Sì alle agevolazioni anche se non c’è il certificato anti-mafia. La mezza paralisi che rischiava di bloccare buona parte dei 6,4 miliardi di investimenti mobilitati dal credito d’imposta per il Sud è scongiurata da una circolare appena pubblicata dal ministero dell’Interno che recepisce quanto chiesto da Confindustria nei mesi scorsi.
E cioè che anche senza la necessaria verifica antimafia che deve essere rilasciata dalle Prefetture - molto spesso in ritardo anche di molti mesi per la pioggia di richieste - si possono «legittimamente» corrispondere «i contributi, i finanziamenti e le altre erogazioni sotto condizione risolutiva», spiega la circolare. Il che significa che in caso di verifica negativa della successiva comunicazione antimafia per l’impresa «la misura del credito d’imposta da recuperare coincide con l’intero importo autorizzato»: in pratica si deve restituire quanto ottenuto.

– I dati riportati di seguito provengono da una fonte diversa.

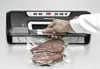 A hand is shown using a vacuum sealer machine to seal a bag of raw meat on a metallic surface. Produktbild-Vorschau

Il chiarimento del Viminale sblocca così finanziamenti molto attesi dalle imprese del Sud che dopo il restyling dell’aprile del 2017 ai meccanismi alla base del credito d’imposta ha iniziato finalmente a correre: a fine 2017 questa agevolazione contava benefici fiscali prenotati per 1,5 miliardi per 14.204 investimenti privati capaci di mobilitare 4 miliardi di investimenti. Cifra questa che secondo gli ultimi dati a disposizione del ministero per il Sud guidato da Barbara Lezzi - che proprio al Sole 24 Ore ha anticipato nei giorni scorsi la volontà di aumentare il tiraggio di questo bonus - ha raggiunto i 6,4 miliardi di investimenti a fronte di 2,2 miliardi di credito d’imposta. Con quasi metà dell’agevolazione destinata in particolare alle attività manifatturiere.

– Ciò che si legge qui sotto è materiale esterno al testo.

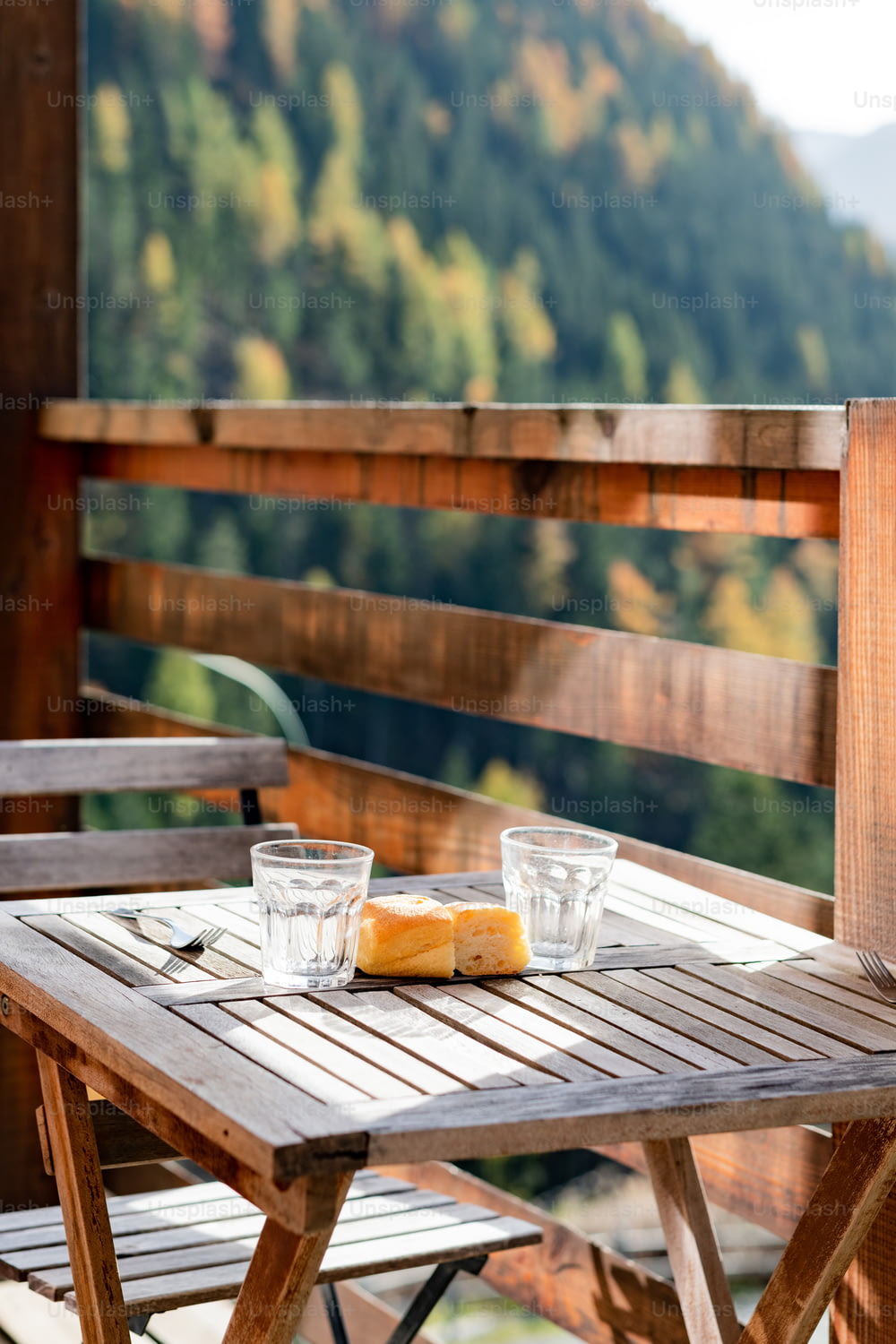 a wooden table with two glasses on top of it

La circolare ha però anche il peso di un prezioso precedente: non solo perché risponde a un quesito dell’Agenzia delle Entrate alle prese con questo adempimento per autorizzare il bonus (la stessa Agenzia ha prospettato questa soluzione), ma anche perché questa strada potrebbe rappresentare un modello da seguire anche per l’erogazione di altri aiuti di Stato per gli investimenti delle imprese che potrebbero - come già successo in passato a esempio per i fondi europei per la Pac - finire nello stesso ingorgo.
La soluzione trovata nella circolare nasce dal fatto che l’Agenzia aveva sospeso l’autorizzazione «in attesa della documentazione liberatoria», determinando però - si legge ancora nella Circolare - «un complessivo rallentamento» delle attività «dovuto alla lunghezza dei tempi medi di attesa del provvedimento antimafia». La via d’uscita trovata si appoggia inoltre proprio al Codice antimafia, così come modificato nel 2014 (Dlgs 153/2014) che dà «la facoltà, ma non l’obbligo» di sospendere il versamento fino alla ricezione della comunicazine antimafia. L’imbuto nasce come detto dal fatto che le prefetture competenti non sono in grado di rispondere a tutte le richieste, in attesa che laBanca dati nazionale unica per la documentazione antimafia sia pienamente a regime rendendo così in futuro automatico questo adempimento.
Nella stessa circolare il ministero dell’Interno - in cui risponde ai quesiti dell’Agenzia delle Entrate - precisa anche che, se la fruizione del credito d'imposta viene autorizzata in base al provvedimento antimafia liberatorio e, successivamente, interviene il provvedimento interdittivo, l’autorizzazione non deve essere revocata. Questo perché - spiega il Viminale - le norme di riferimento «nel prevedere l’esercizio della revoca o del recesso, contemplano solo i casi della stipula del contratto, della concessione dei lavori o dell’autorizzazione al subcontratto, senza alcun richiamo alle erogazioni».